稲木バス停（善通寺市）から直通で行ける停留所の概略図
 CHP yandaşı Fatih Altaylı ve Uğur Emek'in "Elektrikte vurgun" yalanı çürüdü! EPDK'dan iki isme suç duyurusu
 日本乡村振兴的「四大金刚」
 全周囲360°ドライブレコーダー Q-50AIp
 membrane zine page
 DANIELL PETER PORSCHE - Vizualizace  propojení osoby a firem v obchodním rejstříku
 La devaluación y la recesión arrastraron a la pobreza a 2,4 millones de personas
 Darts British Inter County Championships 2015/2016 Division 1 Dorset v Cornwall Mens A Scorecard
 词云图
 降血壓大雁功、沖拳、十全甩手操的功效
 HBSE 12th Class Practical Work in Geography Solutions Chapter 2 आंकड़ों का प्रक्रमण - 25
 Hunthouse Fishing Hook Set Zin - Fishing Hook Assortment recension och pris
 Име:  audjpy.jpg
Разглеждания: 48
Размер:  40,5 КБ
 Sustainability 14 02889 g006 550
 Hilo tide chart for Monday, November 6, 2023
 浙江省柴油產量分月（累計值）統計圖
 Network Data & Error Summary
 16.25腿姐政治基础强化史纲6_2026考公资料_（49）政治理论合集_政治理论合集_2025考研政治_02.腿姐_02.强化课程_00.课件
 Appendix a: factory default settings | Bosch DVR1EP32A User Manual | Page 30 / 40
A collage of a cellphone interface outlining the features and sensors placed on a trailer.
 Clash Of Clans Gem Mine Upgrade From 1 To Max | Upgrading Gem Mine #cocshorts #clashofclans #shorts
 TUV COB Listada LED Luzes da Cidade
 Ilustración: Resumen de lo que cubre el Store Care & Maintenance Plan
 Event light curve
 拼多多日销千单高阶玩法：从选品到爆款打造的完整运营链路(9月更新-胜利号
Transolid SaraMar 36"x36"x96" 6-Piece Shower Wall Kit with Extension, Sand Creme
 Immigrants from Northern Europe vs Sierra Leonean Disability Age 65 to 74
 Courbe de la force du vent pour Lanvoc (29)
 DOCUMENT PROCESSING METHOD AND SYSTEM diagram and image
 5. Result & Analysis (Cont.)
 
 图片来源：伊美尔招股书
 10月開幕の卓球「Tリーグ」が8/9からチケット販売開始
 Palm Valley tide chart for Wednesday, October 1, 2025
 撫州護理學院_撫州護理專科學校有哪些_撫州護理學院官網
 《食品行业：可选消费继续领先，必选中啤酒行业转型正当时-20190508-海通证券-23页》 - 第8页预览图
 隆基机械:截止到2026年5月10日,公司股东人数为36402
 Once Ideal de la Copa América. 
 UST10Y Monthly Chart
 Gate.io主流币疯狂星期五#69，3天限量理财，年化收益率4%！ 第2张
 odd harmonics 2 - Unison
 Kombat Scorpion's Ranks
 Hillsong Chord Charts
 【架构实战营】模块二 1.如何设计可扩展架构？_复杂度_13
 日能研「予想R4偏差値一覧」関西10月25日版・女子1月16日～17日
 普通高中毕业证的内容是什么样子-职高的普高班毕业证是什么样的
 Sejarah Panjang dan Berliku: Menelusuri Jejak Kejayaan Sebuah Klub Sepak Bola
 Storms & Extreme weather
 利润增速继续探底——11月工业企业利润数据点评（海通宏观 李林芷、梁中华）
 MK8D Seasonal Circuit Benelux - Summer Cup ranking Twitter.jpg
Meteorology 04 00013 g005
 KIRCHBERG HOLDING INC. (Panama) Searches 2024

-------

_Description of the task_
Return exactly the lines from the line holding "16.25腿姐政治基础强化史" to the last line of the data, with both of those lines included and nothing added.

_Exercise response_
 16.25腿姐政治基础强化史纲6_2026考公资料_（49）政治理论合集_政治理论合集_2025考研政治_02.腿姐_02.强化课程_00.课件
 Appendix a: factory default settings | Bosch DVR1EP32A User Manual | Page 30 / 40
A collage of a cellphone interface outlining the features and sensors placed on a trailer.
 Clash Of Clans Gem Mine Upgrade From 1 To Max | Upgrading Gem Mine #cocshorts #clashofclans #shorts
 TUV COB Listada LED Luzes da Cidade
 Ilustración: Resumen de lo que cubre el Store Care & Maintenance Plan
 Event light curve
 拼多多日销千单高阶玩法：从选品到爆款打造的完整运营链路(9月更新-胜利号
Transolid SaraMar 36"x36"x96" 6-Piece Shower Wall Kit with Extension, Sand Creme
 Immigrants from Northern Europe vs Sierra Leonean Disability Age 65 to 74
 Courbe de la force du vent pour Lanvoc (29)
 DOCUMENT PROCESSING METHOD AND SYSTEM diagram and image
 5. Result & Analysis (Cont.)
 
 图片来源：伊美尔招股书
 10月開幕の卓球「Tリーグ」が8/9からチケット販売開始
 Palm Valley tide chart for Wednesday, October 1, 2025
 撫州護理學院_撫州護理專科學校有哪些_撫州護理學院官網
 《食品行业：可选消费继续领先，必选中啤酒行业转型正当时-20190508-海通证券-23页》 - 第8页预览图
 隆基机械:截止到2026年5月10日,公司股东人数为36402
 Once Ideal de la Copa América. 
 UST10Y Monthly Chart
 Gate.io主流币疯狂星期五#69，3天限量理财，年化收益率4%！ 第2张
 odd harmonics 2 - Unison
 Kombat Scorpion's Ranks
 Hillsong Chord Charts
 【架构实战营】模块二 1.如何设计可扩展架构？_复杂度_13
 日能研「予想R4偏差値一覧」関西10月25日版・女子1月16日～17日
 普通高中毕业证的内容是什么样子-职高的普高班毕业证是什么样的
 Sejarah Panjang dan Berliku: Menelusuri Jejak Kejayaan Sebuah Klub Sepak Bola
 Storms & Extreme weather
 利润增速继续探底——11月工业企业利润数据点评（海通宏观 李林芷、梁中华）
 MK8D Seasonal Circuit Benelux - Summer Cup ranking Twitter.jpg
Meteorology 04 00013 g005
 KIRCHBERG HOLDING INC. (Panama) Searches 2024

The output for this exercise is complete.